With the start of high-school football practice less than a month away, many of the state’s top rising seniors have made their college choices.
But one notable exception is Crete-Monee’s Jeremiah Stonewall.
The 6-1, 185-pound running back is one of just seven players ranked in the top 50 in Illinois in the 2027 cycle who haven’t picked a school.
Stonewall, who was a force in the Warriors’ pass and run games last fall, is the consensus No. 38 player in Illinois in his class according to 247Sports. He’s also the No. 81 running back in the country.
He has nine offers from Power Four schools at last count. His Big Ten offers are Michigan State, Minnesota, Nebraska, Purdue and Wisconsin, while his SEC offers are Missouri and Ole Miss. Stonewall also has Big 12 offers from Kansas and Kansas State.
With the graduation of the elite pass-catch duo of quarterback Derrin Couch and receiver Dorian Patterson (now at New Mexico), Stonewall figures to play an even bigger role in the Warriors’ offense. Crete was 8-3 last season, winning the Southland title and reaching the second round of the Class 6A playoffs.
New playoff goals
With the IHSA football playoffs expanding by 50% this fall, many teams’ goals have changed.
So it is at Manteno, where the old objective was captured in the phrase “drive for five.”
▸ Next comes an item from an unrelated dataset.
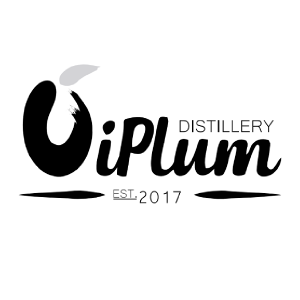 iPlum Company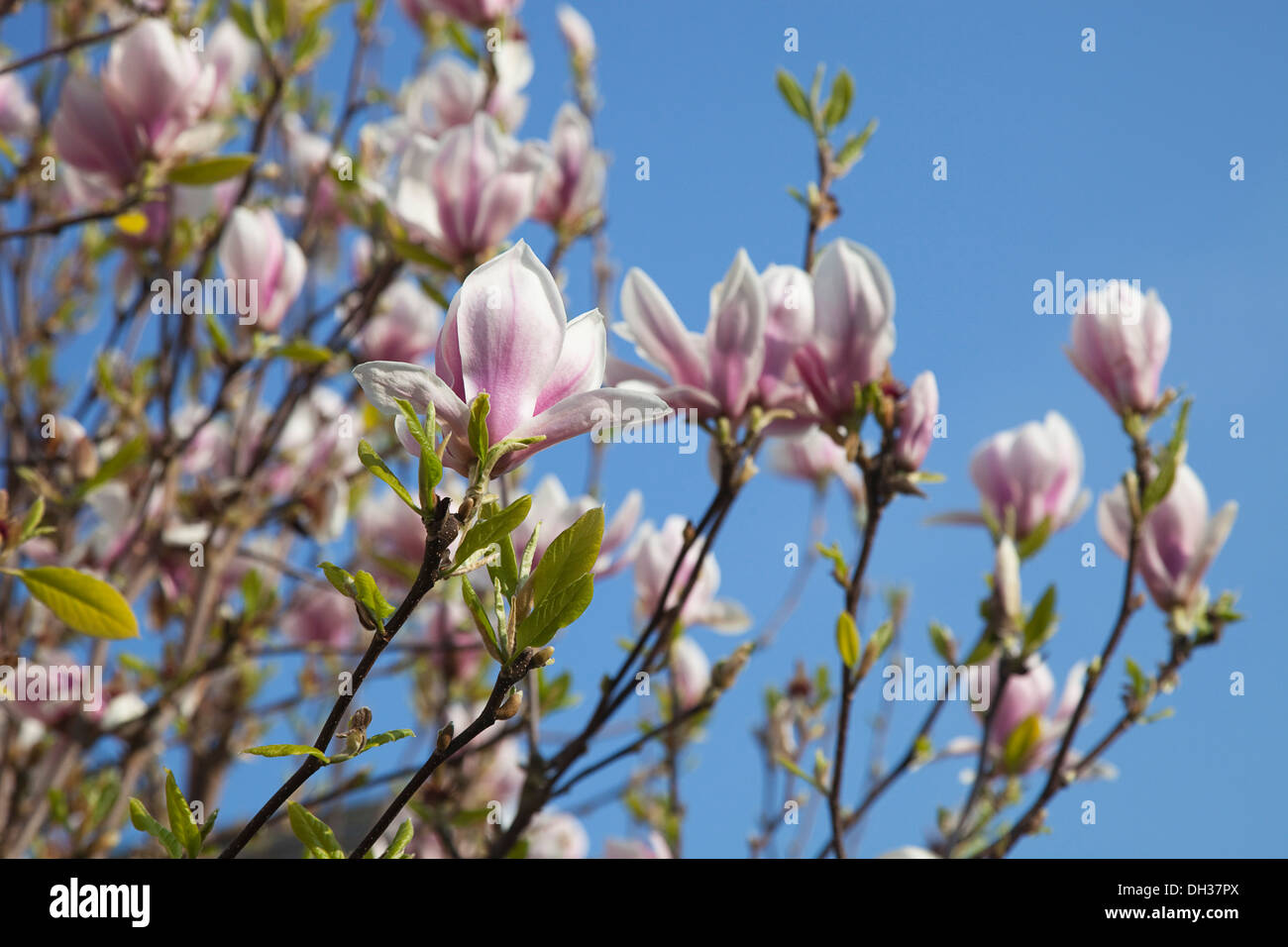 Magnolia soulangeana. Close up tulip simile a fiori bianco lavato rosa alla base contro il cielo blu. Foto Stock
Five wins usually guaranteed a postseason berth under the old system, in which 256 teams qualified. Now, with the field going to 394, the bar to get in is expected to be three wins.
“The way I’m going to frame it … the mindset will be, just making the playoffs shouldn’t be the goal anymore,” Manteno coach RJ Haines said last month. “Because we’ve done that. So it’s about winning games in the postseason. So it (doesn’t) matter what it looks like getting there, it’s about winning those games when you get there.”
The Panthers are 5-11 all-time in the playoffs, with all their wins coming in a three-year stretch from 2014-16.
Manteno reached the Class 4A quarterfinals in 2014 and advanced to the second round each of the next two seasons. The Panthers bowed out in the first round each of the past two years.